Stuart Buckland, Ampel’s Director of Audio Production recently sat down with us to talk about what it’s like creating a podcast during the middle of a pandemic. From dodging noisy neighbours, to keeping a noisy house full of kids quiet while recording.

The challenges creating a podcast in a pandemic?

Working in audio, it was the very abrupt and very necessary change from being able to sit in a studio with the talent for recording sessions to trying to explain to talent how to use the remote recording software (which you have only just figured out yourself), how to set-up the shiny new microphone you have sent them, why recording in that tiled kitchen may not be the best option.
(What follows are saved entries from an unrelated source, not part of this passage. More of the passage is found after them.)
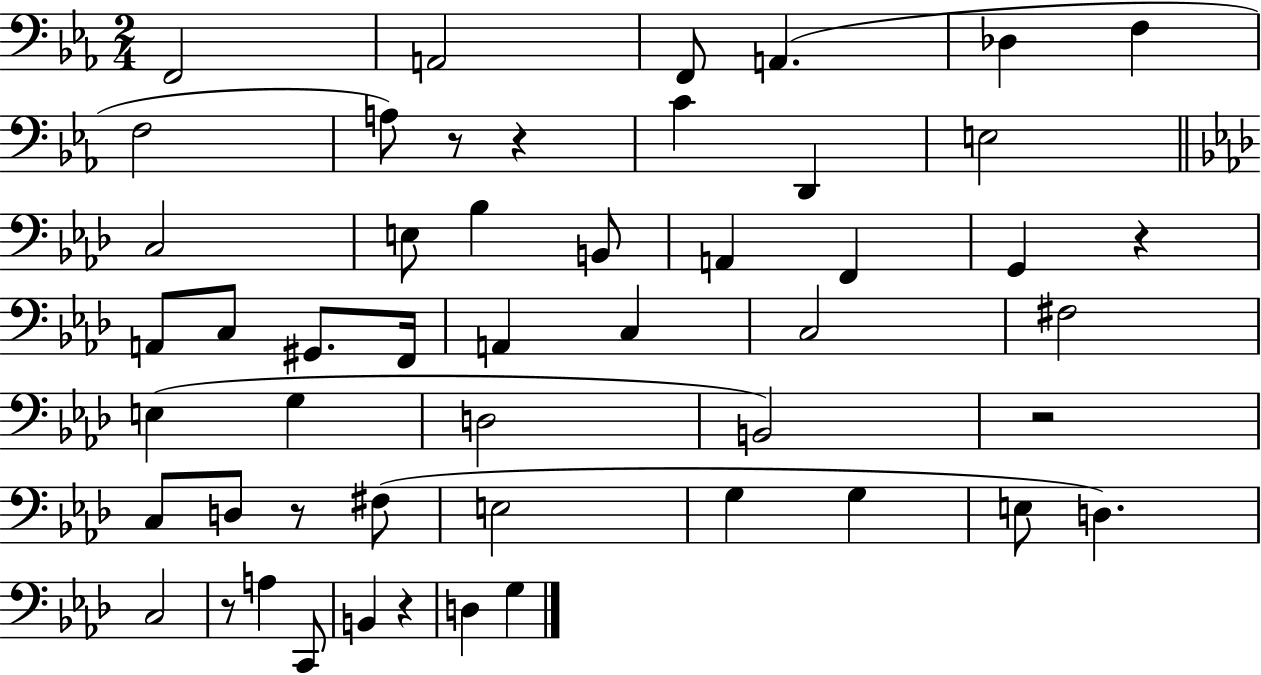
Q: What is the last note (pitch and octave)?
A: G3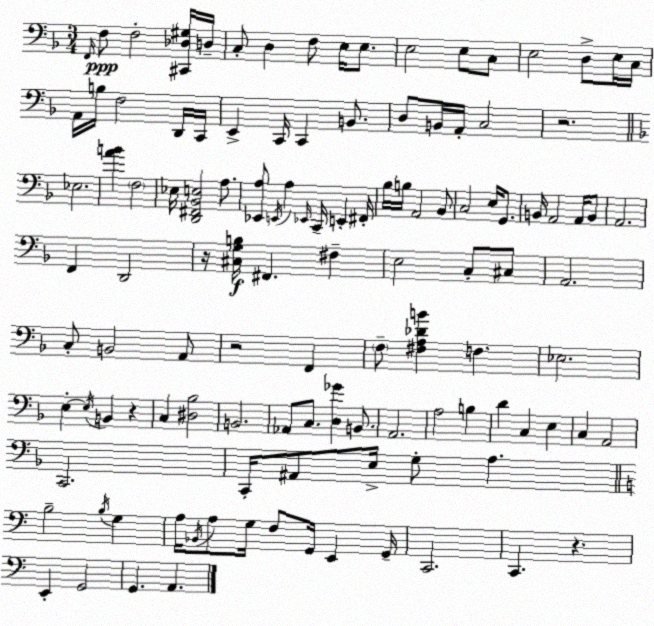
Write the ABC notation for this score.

X:1
T:Untitled
M:3/4
L:1/4
K:Dm
F,,/4 F,/2 F,2 [^C,,_D,^G,]/4 D,/4 C,/2 D, F,/2 E,/4 E,/2 E,2 E,/2 C,/2 E,2 D,/2 E,/4 C,/4 A,,/4 B,/4 F,2 D,,/4 C,,/4 E,, C,,/4 C,, B,,/2 D,/2 B,,/4 A,,/4 C,2 z2 _E,2 [AB] F,2 _E,/4 [D,,^F,,_B,,E,]2 A,/2 [_E,,A,]/2 E,,/4 A, _E,,/4 C,,/4 E,, ^F,,/4 _B,/4 B,/4 A,,2 _B,,/2 C,2 E,/4 G,,/2 B,,/4 A,,2 A,,/4 B,,/2 A,,2 F,, D,,2 z/4 [^C,G,B,]/4 ^F,, ^F, E,2 C,/2 ^C,/2 A,,2 C,/2 B,,2 A,,/2 z2 F,, F,/2 [^F,A,_DB] F, _E,2 E, E,/4 B,, z C, [^D,_B,]2 B,,2 _A,,/2 C,/2 [D,_G] B,,/2 A,,2 A,2 B, D C, E, C, A,,2 C,,2 C,,/4 ^A,,/2 E,/4 G,/2 A, B,2 B,/4 G, A,/4 _B,,/4 A,/2 G,/4 F,/2 G,,/4 E,, G,,/4 C,,2 C,, z E,, G,,2 G,, A,,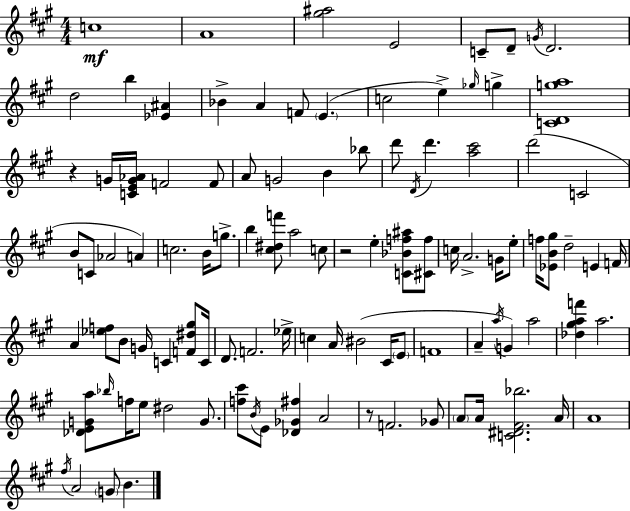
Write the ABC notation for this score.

X:1
T:Untitled
M:4/4
L:1/4
K:A
c4 A4 [^g^a]2 E2 C/2 D/2 G/4 D2 d2 b [_E^A] _B A F/2 E c2 e _g/4 g [CDga]4 z G/4 [CEG_A]/4 F2 F/2 A/2 G2 B _b/2 d'/2 D/4 d' [a^c']2 d'2 C2 B/2 C/2 _A2 A c2 B/4 g/2 b [^c^df']/2 a2 c/2 z2 e [C_Bf^a]/2 [^Cf]/2 c/4 A2 G/4 e/2 f/4 [_EB^g]/2 d2 E F/4 A [_ef]/2 B/2 G/4 C [F^d^g]/2 C/4 D/2 F2 _e/4 c A/4 ^B2 ^C/4 E/2 F4 A a/4 G a2 [_d^gaf'] a2 [_DEGa]/2 _b/4 f/4 e/2 ^d2 G/2 [f^c']/2 B/4 E/2 [_D_G^f] A2 z/2 F2 _G/2 A/2 A/4 [C^D^F_b]2 A/4 A4 ^f/4 A2 G/2 B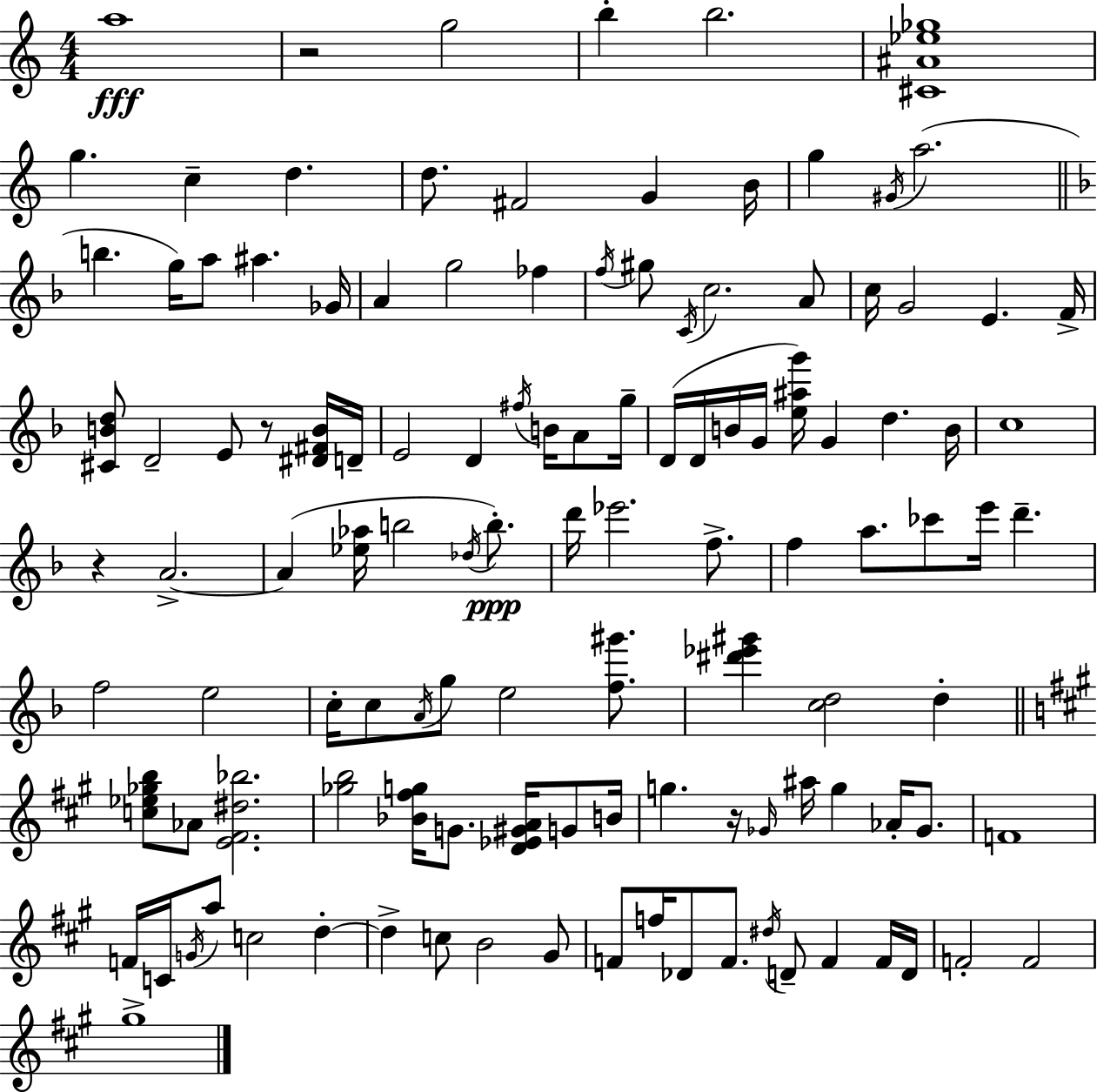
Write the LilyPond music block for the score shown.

{
  \clef treble
  \numericTimeSignature
  \time 4/4
  \key a \minor
  \repeat volta 2 { a''1\fff | r2 g''2 | b''4-. b''2. | <cis' ais' ees'' ges''>1 | \break g''4. c''4-- d''4. | d''8. fis'2 g'4 b'16 | g''4 \acciaccatura { gis'16 }( a''2. | \bar "||" \break \key f \major b''4. g''16) a''8 ais''4. ges'16 | a'4 g''2 fes''4 | \acciaccatura { f''16 } gis''8 \acciaccatura { c'16 } c''2. | a'8 c''16 g'2 e'4. | \break f'16-> <cis' b' d''>8 d'2-- e'8 r8 | <dis' fis' b'>16 d'16-- e'2 d'4 \acciaccatura { fis''16 } b'16 | a'8 g''16-- d'16( d'16 b'16 g'16 <e'' ais'' g'''>16) g'4 d''4. | b'16 c''1 | \break r4 a'2.->~~ | a'4( <ees'' aes''>16 b''2 | \acciaccatura { des''16 }\ppp) b''8.-. d'''16 ees'''2. | f''8.-> f''4 a''8. ces'''8 e'''16 d'''4.-- | \break f''2 e''2 | c''16-. c''8 \acciaccatura { a'16 } g''8 e''2 | <f'' gis'''>8. <dis''' ees''' gis'''>4 <c'' d''>2 | d''4-. \bar "||" \break \key a \major <c'' ees'' ges'' b''>8 aes'8 <e' fis' dis'' bes''>2. | <ges'' b''>2 <bes' fis'' g''>16 g'8. <d' ees' gis' a'>16 g'8 b'16 | g''4. r16 \grace { ges'16 } ais''16 g''4 aes'16-. ges'8. | f'1 | \break f'16 c'16 \acciaccatura { g'16 } a''8 c''2 d''4-.~~ | d''4-> c''8 b'2 | gis'8 f'8 f''16 des'8 f'8. \acciaccatura { dis''16 } d'8-- f'4 | f'16 d'16 f'2-. f'2 | \break gis''1-> | } \bar "|."
}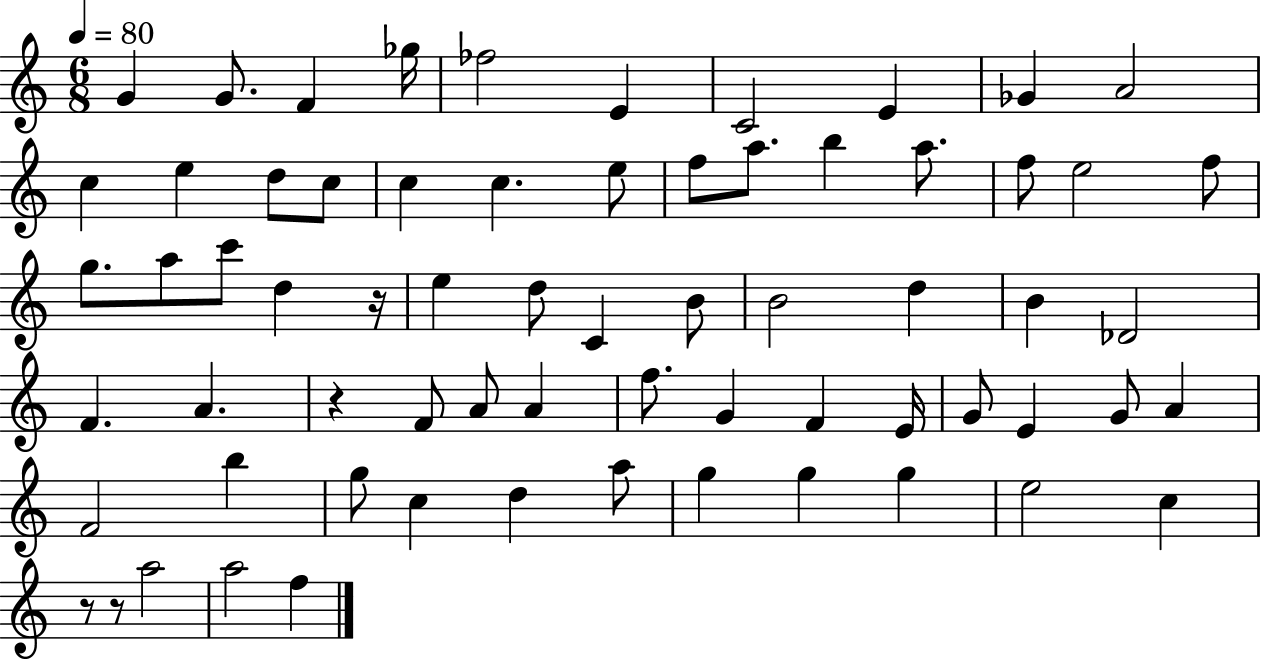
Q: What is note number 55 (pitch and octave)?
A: A5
Also trying to record any audio yourself at home can be an exercise in bad choreography on the part of your neighbourhood. Even if you manage to get everyone in your house to be quiet for 20 minutes, you can guarantee a leaf blower will start somewhere in the immediate vicinity the moment you hit record. I think each suburb should be allotted one hour of mowing time in the week, and if you miss your window you have to wait until next week. 

The rewards?

Definitely seeing more of my family. Leaving before they are up and coming home near their bedtime is a pretty sad way to watch your kids grow up for five-sevenths of the week. 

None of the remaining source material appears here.